Swedish government ministry (1976–1982)

The Ministry of Economics (Ekonomidepartementet) was a ministry in Sweden established in 1976. The ministry dealt with long-term guidelines for economic policy, the principle orientation of financial and credit policy, international economic cooperation, statistics, questions regarding banking and insurance, the stock exchange and the monetary system. The ministry was headed by the minister of economics. The ministry ceased to exist in 1982.

==History==
The ministry was established after the 1976 Swedish general election when the Ministry of Finance was divided into the Ministry of Economics and the Ministry of the Budget. The division officially took place on 25 November 1976 following a government decision on 11 November. Most of the old Ministry of Finance's approximately 9,000 cases a year were taken care of by the Ministry of the Budget, e.g. the taxes, the budget and salary issues. The Ministry of Economics would primarily work with general guidelines for economic policy and the principled direction of fiscal and credit policy measures. The ministry had to take over the AP fund (AP-fonden) and the other credit and fund systems as well as the monetary system, statistics and international economic cooperation. It would also handle the application of the Share Funds Act (Aktiefondslagen), the Act on Simplified Share Handling (Lagen om förenklad aktiehantering) and the Act on Registration of Shareholdings (Lagen om registrering av aktieinnehav). The ministry would also propose changes to the law for currency regulation. The Ministry of Economics took over the following companies from the Ministry of Finance: Företagskapital AB, Företagskredit AB, AB Industrikredit, Lantbruksnärningarnas sekundarkredit AB, PK-Banken and Värdepapperscentralen VPC AB.

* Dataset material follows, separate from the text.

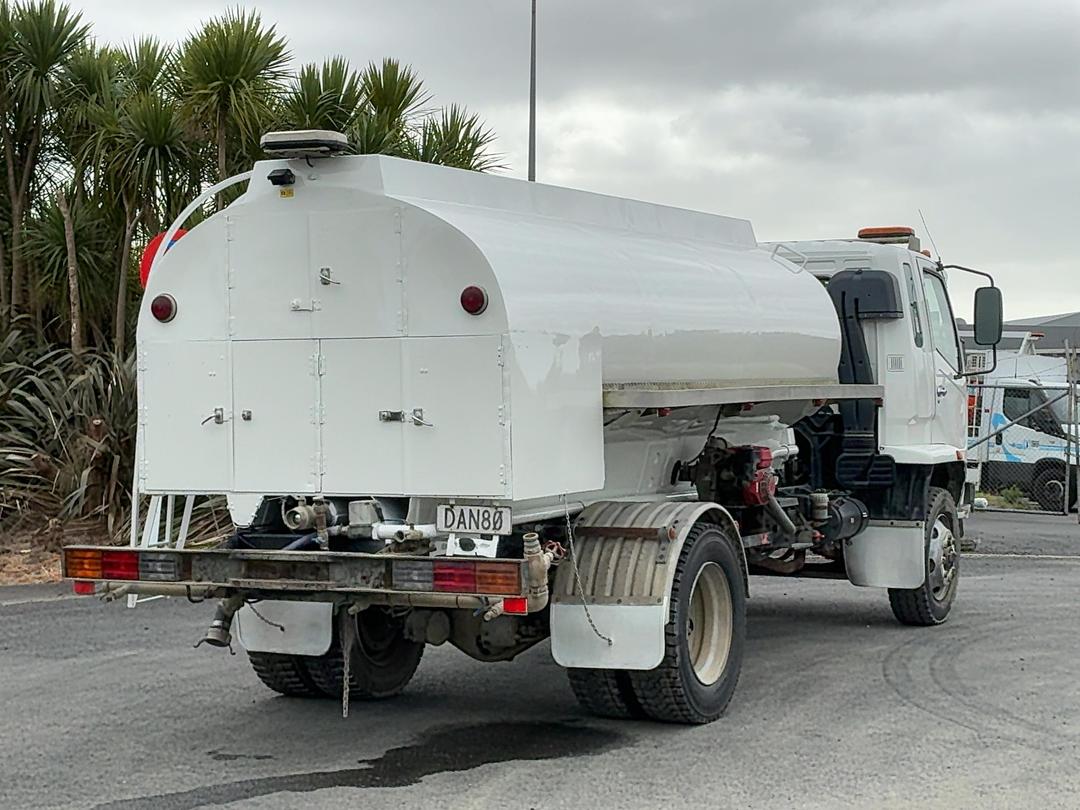 Photo '4' of Fuso FM220 Water Cart Tanker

The ministry was headed by the minister of economics. In addition, there was a state secretary, a director general for administrative affairs/legal affairs (expeditionschef/rättschef), a head of planning, a coordination office and a number of units: the Long-term Unit (Långsiktsenheten), the Short-term Unit (Kortsiktsenheten), the International Unit (Internationella enheten) and the Unit for Fiscal Policy (Enheten för finanspolitik). In 1981, the Working Group for Administrative Matters, Budget Matters, etc. (Arbetsgruppen för administrativa frågor, budgetärenden m. m.) and the Banking and Insurance Unit (Bank- och försäkringsenheten) were added. Other officials were a deputy director (kansliråd), a number of desk officers (departementssekreterare), division heads (byrådirektör), department directors, information secretaries, registrars and officials with special assignments.

The ministry was abolished after the 1982 Swedish general election and the Ministry of Finance was re-established by Palme's Second Cabinet on 1 January 1983.

==Central boards and agencies==
The following central administrative boards and agencies belonged to the Ministry of Economics: the Royal Swedish Mint (Myntverket), Statistics Sweden, the Index Board (Indexnämnden), the Bank Inspection Board (Bankinspektionen), the National Swedish Private Insurance Inspectorate (Försäkringsinspektionen), the National Institute of Economic Research, the Economic Planning Council (Ekonomiska planeringsrådet) and the Utredningsrådet. Later the Scientific Council of the Statistics Sweden (Statistiska centralbyråns vetenskapliga råd) was added. The following also belonged to the ministry: Stockholm Stock Exchange, the National Swedish Board on Reparations [for War Damages] (Statens krigsskadenämnd) and the National Swedish War Risks Insurance Office (Statens krigsförsäkringsnämnd).